**YOUR OBJECTIVE**: Your task is to reproduce, verbatim and without pictures, the lines from the opening of the listing through the line containing "Bright dining room".

**GIVEN DATA**:

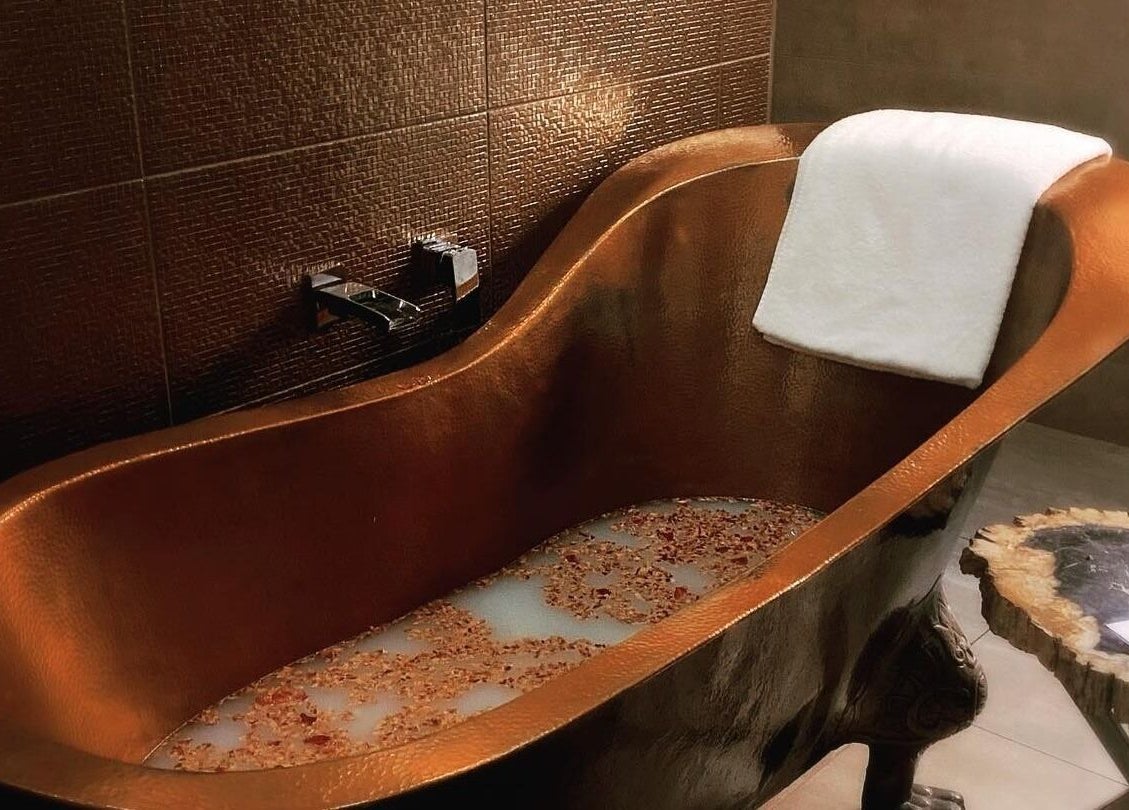 Elegant copper bathtub at Circa 1929 in Wagga Wagga, New South Wales, AU, with a towel and ambient lighting.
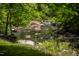 Picturesque view of a stream flowing through rocks and lush greenery, creating a serene setting at 7723 Johnson Mill Rd, Bahama, NC 27503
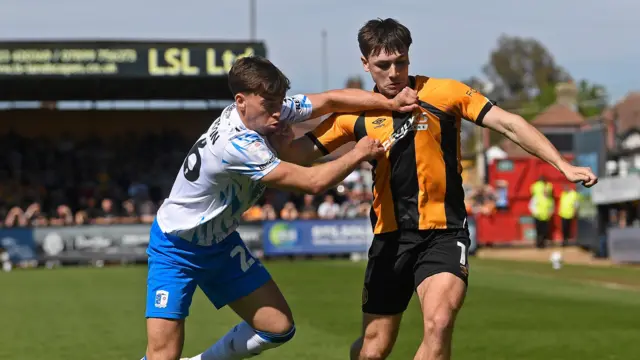 Adam Mayor of Cambridge United in action with Jack Thompson of Barrow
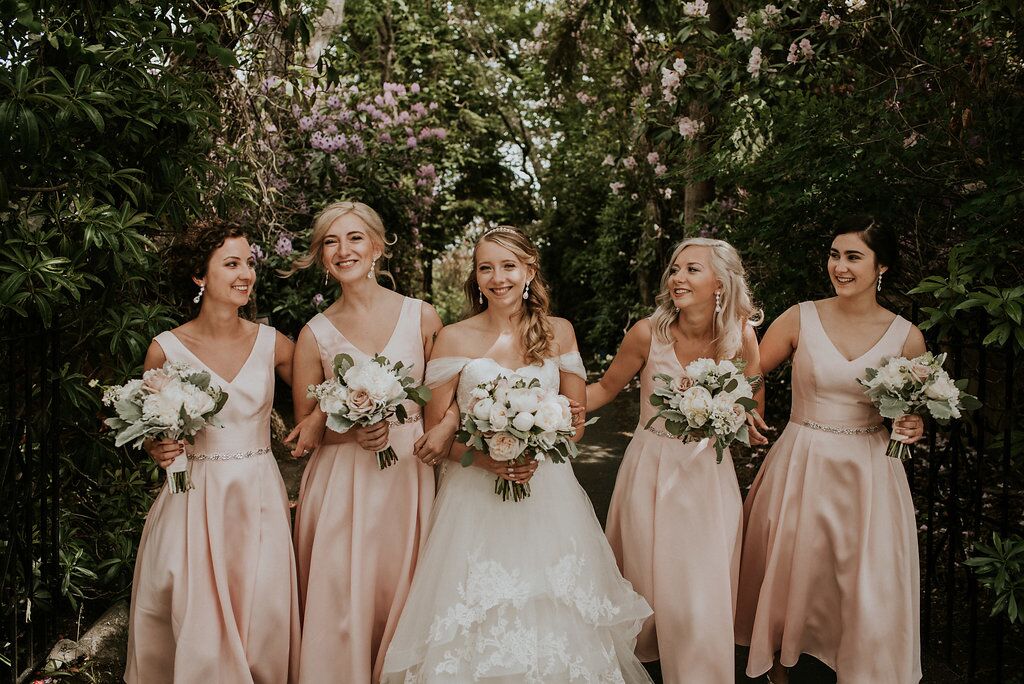 Romantic Bridesmaids in blush pink gowns carrying bouquets of peonies and roses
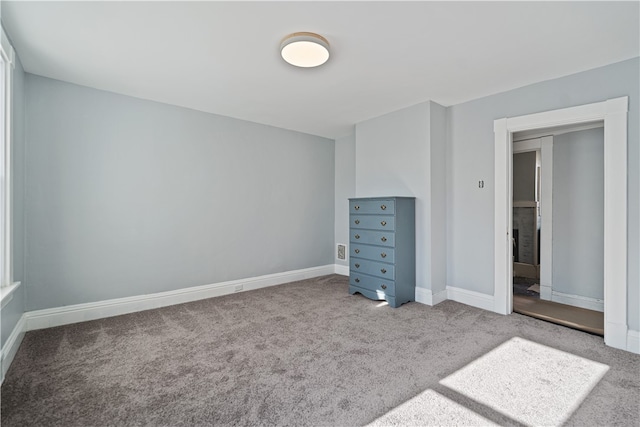 unfurnished bedroom featuring carpet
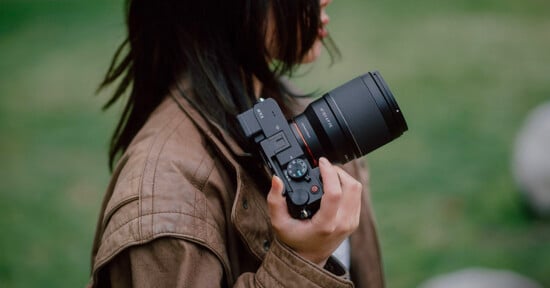 A person with long hair holds a large camera in their right hand. They are wearing a brown jacket and standing outside on a grassy area. The image is focused on the camera, highlighting its detailed features.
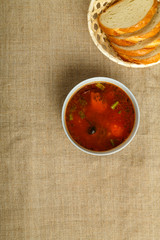 gray plate of italian tomato soup with potatoes and mushrooms linen tablecloth and bread.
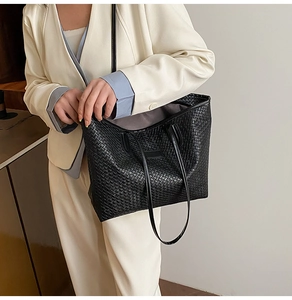 Detailed view of black woven tote bag texture and slender shoulder straps for women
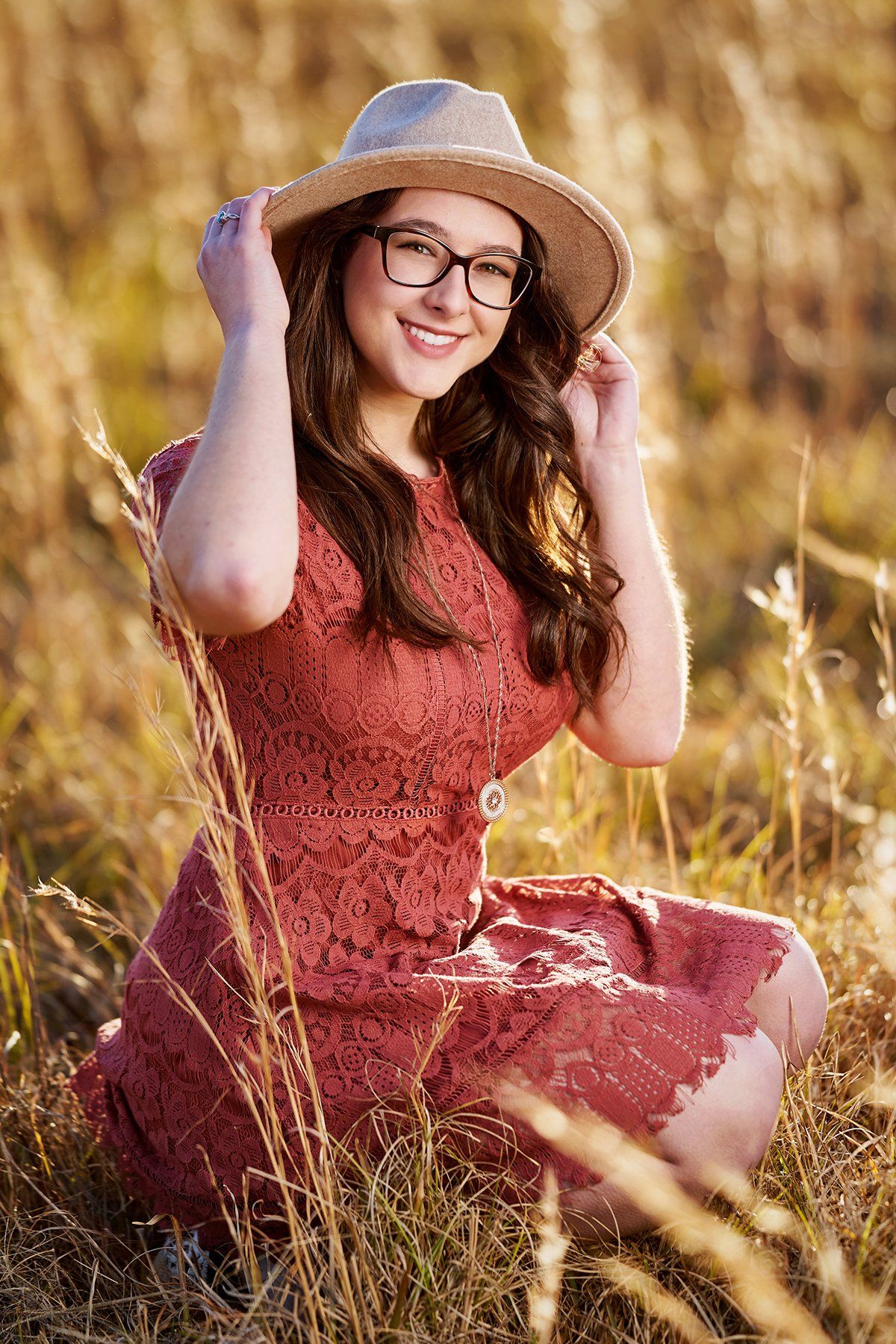 A woman in a red dress and hat is sitting in a field.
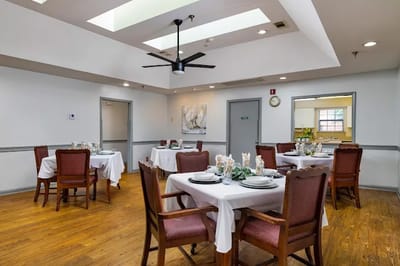 Bright dining room with tables set for a meal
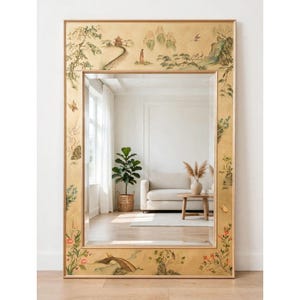 May include: A large rectangular wall mirror featuring a wide gold-toned frame decorated with hand-painted chinoiserie motifs, including a pagoda, a winding path, lush trees, delicate floral vines, and small birds across the top and bottom borders.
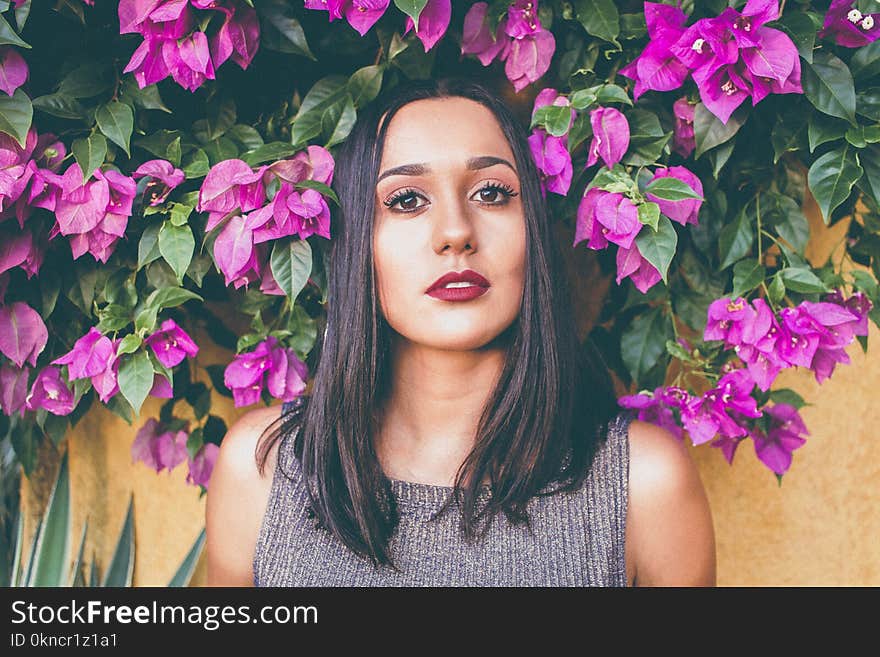 Woman in Gray Scoop-neck Sleeveless Top Standing in Front of Purple Flowers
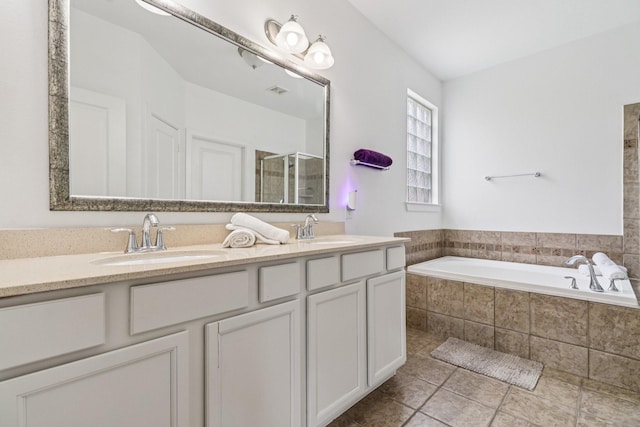 4003 Autumn Pines Trl, Houston, TX 77084 - full bath featuring double vanity, a shower stall, a garden tub, and tile patterned flooring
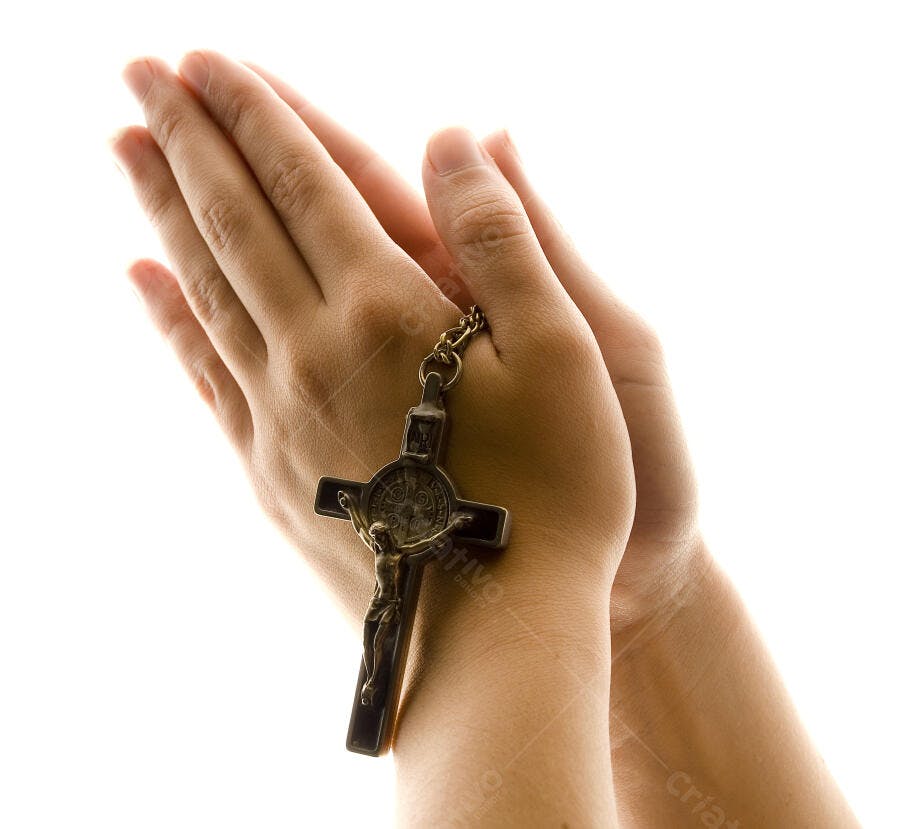 Mãos em oração com crucifixo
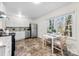 Bright kitchen featuring white cabinets, stainless steel appliances, and a cozy dining area at 2500 Danforth Ln, Charlotte, NC 28208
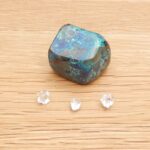 Blue-green polished stone with three small clear gems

**WORKED SOLUTION**:
 Elegant copper bathtub at Circa 1929 in Wagga Wagga, New South Wales, AU, with a towel and ambient lighting.
 Picturesque view of a stream flowing through rocks and lush greenery, creating a serene setting at 7723 Johnson Mill Rd, Bahama, NC 27503
 Adam Mayor of Cambridge United in action with Jack Thompson of Barrow
 Romantic Bridesmaids in blush pink gowns carrying bouquets of peonies and roses
 unfurnished bedroom featuring carpet
 A person with long hair holds a large camera in their right hand. They are wearing a brown jacket and standing outside on a grassy area. The image is focused on the camera, highlighting its detailed features.
 gray plate of italian tomato soup with potatoes and mushrooms linen tablecloth and bread.
 Detailed view of black woven tote bag texture and slender shoulder straps for women
 A woman in a red dress and hat is sitting in a field.
 Bright dining room with tables set for a meal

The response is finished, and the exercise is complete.